Like seriously, though?  What is so criminally wrong about me enjoying the experience of grocery shopping for once in my life that gets your panties/boxers in such a tangle?

Once again.  It’s convenient, it’s fast, and it happens to be fun.  When did the words “adult” and “fun” become antonym arch enemies?  It just bothers me so much that the concept of adult behavior has such an uptight connotation.  If you ever take a moment to watch a little kid dance you can witness the kind of benign, unbridled non-inhibition that makes you go, “Man, what does that kid have that makes them so happy and carefree about such a trivial moment that I don’t?”

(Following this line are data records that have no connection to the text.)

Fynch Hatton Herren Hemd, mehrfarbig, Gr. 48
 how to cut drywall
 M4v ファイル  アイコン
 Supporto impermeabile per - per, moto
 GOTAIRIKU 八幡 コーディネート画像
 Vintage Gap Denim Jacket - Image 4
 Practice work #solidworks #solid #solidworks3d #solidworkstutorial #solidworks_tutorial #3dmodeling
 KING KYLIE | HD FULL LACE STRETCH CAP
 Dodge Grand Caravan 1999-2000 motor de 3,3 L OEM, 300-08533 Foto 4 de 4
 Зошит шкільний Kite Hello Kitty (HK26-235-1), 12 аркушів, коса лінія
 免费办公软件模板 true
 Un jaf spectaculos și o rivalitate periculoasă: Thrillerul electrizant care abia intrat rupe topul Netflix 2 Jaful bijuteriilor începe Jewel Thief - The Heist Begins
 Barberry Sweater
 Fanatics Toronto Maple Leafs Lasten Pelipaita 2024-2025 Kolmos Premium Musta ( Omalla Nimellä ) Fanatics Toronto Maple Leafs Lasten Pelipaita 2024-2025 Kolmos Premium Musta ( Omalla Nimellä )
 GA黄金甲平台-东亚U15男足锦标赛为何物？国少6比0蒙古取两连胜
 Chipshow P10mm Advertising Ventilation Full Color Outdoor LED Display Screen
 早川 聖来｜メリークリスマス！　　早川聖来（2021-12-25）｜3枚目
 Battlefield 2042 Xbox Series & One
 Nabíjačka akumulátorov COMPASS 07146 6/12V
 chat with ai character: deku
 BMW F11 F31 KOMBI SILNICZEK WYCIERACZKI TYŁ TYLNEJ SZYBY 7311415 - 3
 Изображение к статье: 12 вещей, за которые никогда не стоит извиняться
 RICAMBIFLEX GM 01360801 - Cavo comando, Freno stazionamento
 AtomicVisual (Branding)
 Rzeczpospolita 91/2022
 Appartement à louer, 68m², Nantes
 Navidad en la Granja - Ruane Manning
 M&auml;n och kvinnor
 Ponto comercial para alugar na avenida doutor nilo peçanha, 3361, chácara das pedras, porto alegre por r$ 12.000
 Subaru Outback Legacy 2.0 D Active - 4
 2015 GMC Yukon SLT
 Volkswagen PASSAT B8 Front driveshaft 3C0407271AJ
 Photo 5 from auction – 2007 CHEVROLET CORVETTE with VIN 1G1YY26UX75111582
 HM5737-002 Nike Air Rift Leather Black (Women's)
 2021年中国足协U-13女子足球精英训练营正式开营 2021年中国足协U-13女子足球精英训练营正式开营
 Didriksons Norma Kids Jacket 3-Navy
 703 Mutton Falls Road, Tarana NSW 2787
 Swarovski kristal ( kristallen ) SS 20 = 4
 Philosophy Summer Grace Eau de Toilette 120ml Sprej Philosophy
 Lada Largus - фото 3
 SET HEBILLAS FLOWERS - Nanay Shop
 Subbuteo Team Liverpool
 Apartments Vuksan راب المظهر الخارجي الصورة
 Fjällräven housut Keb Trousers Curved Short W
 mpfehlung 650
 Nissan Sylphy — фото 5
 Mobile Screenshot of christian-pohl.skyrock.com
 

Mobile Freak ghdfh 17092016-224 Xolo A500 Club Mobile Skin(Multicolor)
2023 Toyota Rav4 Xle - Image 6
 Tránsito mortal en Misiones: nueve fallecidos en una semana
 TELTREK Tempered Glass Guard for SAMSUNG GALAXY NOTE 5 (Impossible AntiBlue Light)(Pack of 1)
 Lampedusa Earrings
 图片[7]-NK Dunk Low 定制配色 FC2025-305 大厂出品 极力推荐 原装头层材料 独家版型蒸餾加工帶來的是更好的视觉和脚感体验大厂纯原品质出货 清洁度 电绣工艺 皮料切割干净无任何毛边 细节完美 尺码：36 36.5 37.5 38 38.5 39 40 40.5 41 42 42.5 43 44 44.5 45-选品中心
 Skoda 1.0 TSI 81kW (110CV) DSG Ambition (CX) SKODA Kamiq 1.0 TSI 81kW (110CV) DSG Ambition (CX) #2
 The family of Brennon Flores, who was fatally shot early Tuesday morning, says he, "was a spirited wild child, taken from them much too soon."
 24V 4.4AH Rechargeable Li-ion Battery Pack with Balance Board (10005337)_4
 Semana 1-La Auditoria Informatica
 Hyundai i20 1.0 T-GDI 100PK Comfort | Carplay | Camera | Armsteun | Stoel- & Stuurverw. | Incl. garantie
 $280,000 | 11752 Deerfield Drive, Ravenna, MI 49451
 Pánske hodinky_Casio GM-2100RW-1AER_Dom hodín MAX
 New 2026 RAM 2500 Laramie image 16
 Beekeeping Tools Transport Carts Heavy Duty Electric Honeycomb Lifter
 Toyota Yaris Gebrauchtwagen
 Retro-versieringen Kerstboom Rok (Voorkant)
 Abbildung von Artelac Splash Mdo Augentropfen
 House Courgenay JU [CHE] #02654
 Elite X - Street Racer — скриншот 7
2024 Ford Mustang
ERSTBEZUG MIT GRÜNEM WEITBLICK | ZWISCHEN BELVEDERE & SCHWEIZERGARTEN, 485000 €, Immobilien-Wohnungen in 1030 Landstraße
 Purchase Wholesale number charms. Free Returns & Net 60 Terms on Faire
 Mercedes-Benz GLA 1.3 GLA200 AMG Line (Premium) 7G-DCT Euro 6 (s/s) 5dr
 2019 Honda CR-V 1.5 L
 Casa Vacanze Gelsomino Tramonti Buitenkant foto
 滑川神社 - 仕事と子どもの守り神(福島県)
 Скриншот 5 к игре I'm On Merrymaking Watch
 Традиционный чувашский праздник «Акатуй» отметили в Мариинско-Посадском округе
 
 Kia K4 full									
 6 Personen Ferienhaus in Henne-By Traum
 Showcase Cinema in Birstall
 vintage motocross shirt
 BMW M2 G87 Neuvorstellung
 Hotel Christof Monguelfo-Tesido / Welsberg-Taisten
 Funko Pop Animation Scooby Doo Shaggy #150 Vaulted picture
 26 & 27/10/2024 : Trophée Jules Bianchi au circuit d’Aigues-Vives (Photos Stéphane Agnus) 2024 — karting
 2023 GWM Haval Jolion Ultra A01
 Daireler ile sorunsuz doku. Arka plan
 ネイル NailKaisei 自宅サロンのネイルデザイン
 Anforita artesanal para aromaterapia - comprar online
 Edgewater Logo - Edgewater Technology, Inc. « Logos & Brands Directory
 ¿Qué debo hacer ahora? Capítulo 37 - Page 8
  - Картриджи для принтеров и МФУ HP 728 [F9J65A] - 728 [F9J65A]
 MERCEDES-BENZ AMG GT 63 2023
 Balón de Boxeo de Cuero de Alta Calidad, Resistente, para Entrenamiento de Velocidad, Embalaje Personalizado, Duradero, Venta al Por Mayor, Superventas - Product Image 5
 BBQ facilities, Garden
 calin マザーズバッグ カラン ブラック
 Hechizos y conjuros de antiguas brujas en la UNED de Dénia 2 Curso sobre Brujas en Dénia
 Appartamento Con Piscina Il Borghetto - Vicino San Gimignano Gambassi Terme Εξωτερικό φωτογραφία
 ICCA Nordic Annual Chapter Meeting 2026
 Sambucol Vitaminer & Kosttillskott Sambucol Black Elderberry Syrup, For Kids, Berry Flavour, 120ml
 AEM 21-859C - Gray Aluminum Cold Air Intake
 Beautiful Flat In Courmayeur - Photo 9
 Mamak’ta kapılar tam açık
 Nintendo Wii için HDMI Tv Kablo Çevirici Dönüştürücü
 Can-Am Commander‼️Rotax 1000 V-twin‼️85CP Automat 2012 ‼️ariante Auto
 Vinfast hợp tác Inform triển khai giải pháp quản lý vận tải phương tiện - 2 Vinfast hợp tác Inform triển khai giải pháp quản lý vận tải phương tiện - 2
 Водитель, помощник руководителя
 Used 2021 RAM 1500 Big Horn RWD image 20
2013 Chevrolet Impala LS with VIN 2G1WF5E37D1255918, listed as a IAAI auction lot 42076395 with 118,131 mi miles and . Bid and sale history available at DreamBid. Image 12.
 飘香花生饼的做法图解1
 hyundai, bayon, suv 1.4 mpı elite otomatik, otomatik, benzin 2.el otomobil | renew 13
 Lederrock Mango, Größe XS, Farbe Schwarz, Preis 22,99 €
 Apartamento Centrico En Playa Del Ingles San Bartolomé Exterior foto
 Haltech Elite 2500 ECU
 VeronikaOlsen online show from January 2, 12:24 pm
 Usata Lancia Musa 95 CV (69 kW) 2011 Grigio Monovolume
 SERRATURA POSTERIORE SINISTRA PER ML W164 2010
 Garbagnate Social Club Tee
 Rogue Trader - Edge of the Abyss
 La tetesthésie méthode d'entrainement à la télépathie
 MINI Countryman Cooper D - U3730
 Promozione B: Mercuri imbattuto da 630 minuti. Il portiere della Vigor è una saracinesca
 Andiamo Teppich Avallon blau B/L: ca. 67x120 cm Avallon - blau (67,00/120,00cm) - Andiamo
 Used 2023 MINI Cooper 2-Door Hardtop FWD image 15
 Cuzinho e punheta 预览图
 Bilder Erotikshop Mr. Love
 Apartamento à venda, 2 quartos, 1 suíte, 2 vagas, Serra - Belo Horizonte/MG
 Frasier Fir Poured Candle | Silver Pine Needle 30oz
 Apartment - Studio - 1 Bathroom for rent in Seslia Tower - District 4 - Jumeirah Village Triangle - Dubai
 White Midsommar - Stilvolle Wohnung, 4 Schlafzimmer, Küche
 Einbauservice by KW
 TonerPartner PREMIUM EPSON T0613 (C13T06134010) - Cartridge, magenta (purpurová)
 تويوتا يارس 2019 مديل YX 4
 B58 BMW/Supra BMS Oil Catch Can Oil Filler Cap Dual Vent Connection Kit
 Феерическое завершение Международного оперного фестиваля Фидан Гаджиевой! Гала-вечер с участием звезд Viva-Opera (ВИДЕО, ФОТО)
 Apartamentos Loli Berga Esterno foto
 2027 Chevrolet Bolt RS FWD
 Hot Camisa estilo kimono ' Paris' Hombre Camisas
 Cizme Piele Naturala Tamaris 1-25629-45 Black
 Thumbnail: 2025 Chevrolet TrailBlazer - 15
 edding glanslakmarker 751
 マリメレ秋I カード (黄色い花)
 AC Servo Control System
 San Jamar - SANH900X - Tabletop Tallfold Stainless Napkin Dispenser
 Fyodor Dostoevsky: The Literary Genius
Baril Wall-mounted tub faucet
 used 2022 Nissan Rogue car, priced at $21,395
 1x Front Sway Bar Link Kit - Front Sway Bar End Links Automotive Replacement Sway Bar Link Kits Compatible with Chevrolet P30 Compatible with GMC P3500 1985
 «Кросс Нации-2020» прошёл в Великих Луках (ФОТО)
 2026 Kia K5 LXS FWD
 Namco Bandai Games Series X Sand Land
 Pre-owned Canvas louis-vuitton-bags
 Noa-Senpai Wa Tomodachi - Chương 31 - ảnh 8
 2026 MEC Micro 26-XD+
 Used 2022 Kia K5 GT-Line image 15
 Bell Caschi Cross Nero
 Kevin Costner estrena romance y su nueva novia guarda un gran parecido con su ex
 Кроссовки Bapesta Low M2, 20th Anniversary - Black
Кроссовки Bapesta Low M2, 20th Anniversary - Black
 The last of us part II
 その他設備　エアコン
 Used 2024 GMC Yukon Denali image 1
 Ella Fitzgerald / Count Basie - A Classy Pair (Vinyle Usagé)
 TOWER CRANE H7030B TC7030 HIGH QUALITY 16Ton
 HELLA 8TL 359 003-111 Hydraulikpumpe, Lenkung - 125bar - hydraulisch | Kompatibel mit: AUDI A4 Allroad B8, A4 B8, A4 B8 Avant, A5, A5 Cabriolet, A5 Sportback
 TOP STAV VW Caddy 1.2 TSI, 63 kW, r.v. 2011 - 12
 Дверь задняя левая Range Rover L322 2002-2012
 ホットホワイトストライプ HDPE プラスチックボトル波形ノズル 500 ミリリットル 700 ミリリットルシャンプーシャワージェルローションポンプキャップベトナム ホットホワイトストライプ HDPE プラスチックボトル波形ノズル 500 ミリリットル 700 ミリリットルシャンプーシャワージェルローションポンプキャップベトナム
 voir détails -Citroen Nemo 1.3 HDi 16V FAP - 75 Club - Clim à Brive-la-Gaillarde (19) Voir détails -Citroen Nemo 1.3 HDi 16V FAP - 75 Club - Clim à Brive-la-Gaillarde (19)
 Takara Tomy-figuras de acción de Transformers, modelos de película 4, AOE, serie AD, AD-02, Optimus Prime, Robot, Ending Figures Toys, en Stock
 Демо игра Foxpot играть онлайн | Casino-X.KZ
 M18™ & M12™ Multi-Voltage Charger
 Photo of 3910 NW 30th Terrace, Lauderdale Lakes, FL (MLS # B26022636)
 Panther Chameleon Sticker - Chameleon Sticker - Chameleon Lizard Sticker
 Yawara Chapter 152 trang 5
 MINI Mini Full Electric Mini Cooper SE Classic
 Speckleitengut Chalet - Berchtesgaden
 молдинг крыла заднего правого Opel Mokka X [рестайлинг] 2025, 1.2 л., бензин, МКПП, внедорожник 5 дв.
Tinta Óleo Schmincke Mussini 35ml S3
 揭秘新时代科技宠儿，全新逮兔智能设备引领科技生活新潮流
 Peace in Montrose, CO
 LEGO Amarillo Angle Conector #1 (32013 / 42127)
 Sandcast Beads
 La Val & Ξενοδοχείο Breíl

Surprise.  I can give you the answer.

It’s not so much what they do have, so much as what they don’t have…

Do you really want to know the secret?

Well, alright.  But you’ll have to lean in real close…

The answer is…

A stick up their butt!  They don’t have such a stick up their butt.

When people become adults they suddenly take on this snooty high perspective.  It makes them look down on the little people they once were and stomp on all the cool, fun things that used to make them happy.  It’s inappropriate, they say.  It’s uncalled for…But really, they’re just trying to make themselves feel better about conforming to the boring standards that society says makes them worthy of being called “a responsible adult.”  For some people, at a certain time in their life there has to be a line that’s drawn that says,  

“Look.  That is where you were, and this is where you are now.  We’re going to throw in a whole bunch of arbitrary rules into your behavior set so that you don’t forget.  What’s that?…No, no. The fact that you have a job, pay your taxes, and support your family financially and emotionally isn’t enough!   We’re gonna make you follow these rules too.  Just in case.  You know, so you don’t forget.”

Pshhh.  Yeah, sounds like a real reasonable trade off…

I’ll stick with my Trix and shopping cart rides thank you.  And I’ll have the mental/emotional independence to know that I can still call myself a respectable adult, too.